# Power steering



## Danny mccollom (Sep 8, 2018)

I just purchased a 1989 John Deere 1050 with an aftermarket power steering kit I think it matches the description given online. It doesn't work I've pulled off the lines and tried it and no fluid comes out someone said there is a screen filter that is probably clogged but I can't find it. The tractor is nearly impossible to turn with a load in the bucket so any suggestions will be appreciated. Thanks


----------



## Hoodoo Valley (Nov 14, 2006)

Welcome to the forum Danny! Any info on the manufacturer of the kit? We have a few experts in the house that will come along soon enough.


----------



## sixbales (May 18, 2011)

Howdy Danny, welcome aboard the tractor forum.

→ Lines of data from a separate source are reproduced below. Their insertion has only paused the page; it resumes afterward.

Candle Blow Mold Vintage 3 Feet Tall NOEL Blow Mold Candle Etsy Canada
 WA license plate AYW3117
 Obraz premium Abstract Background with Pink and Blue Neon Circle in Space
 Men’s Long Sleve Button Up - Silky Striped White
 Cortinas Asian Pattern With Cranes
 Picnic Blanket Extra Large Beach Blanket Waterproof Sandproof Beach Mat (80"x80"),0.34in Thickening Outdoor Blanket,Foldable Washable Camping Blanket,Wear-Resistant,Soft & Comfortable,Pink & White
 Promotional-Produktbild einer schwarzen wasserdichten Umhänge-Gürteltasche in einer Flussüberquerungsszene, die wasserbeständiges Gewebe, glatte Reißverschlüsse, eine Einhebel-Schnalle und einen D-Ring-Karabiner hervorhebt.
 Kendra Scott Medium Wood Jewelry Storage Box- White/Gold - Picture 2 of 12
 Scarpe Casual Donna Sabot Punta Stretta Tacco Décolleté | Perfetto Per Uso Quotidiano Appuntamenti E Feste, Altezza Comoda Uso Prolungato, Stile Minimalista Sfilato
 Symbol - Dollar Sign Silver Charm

Please post a picture of the aftermarket kit that you think your system matches. 

If you see no fluid movement, and the fluid reservoir is full, then your pump is suspect.


----------



## drmonsterbrain (Jun 7, 2013)

A picture of the steering cylinder is definitely needed. There are several options here. There were early and late designs. There's also factory and field installed kits. There is a flow divider block with flow valve and relief valve. There's a specific adjustment to the cylinder needed. Any seal leak in any of these will result in a no power steering issue. I usually reseal everything and make fresh adjustment to the system. It's not like your typical steering systems.


----------